* WORK INSTRUCTION: Output the full listing that appears below, exactly as it is presented.

* PROVIDED DATA:
============

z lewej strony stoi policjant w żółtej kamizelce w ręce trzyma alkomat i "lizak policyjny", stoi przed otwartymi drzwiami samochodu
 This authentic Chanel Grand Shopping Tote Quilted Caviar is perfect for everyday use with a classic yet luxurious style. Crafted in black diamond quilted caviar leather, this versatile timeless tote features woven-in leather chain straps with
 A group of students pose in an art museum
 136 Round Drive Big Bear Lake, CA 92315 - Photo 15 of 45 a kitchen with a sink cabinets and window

============

* REPLY TO THE EXERCISE:
z lewej strony stoi policjant w żółtej kamizelce w ręce trzyma alkomat i "lizak policyjny", stoi przed otwartymi drzwiami samochodu
 This authentic Chanel Grand Shopping Tote Quilted Caviar is perfect for everyday use with a classic yet luxurious style. Crafted in black diamond quilted caviar leather, this versatile timeless tote features woven-in leather chain straps with
 A group of students pose in an art museum
 136 Round Drive Big Bear Lake, CA 92315 - Photo 15 of 45 a kitchen with a sink cabinets and window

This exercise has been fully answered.